Only the lines from the one containing "Gene Expression Studies" through the end of the listing are to be transcribed, exactly and with both ends included.

=== DATASET CONTENT ===

------------------------------------

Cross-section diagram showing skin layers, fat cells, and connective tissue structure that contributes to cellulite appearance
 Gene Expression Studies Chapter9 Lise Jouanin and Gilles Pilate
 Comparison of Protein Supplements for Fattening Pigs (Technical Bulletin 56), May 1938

------------------------------------

=== OUTPUT FOR THIS TASK ===
 Gene Expression Studies Chapter9 Lise Jouanin and Gilles Pilate
 Comparison of Protein Supplements for Fattening Pigs (Technical Bulletin 56), May 1938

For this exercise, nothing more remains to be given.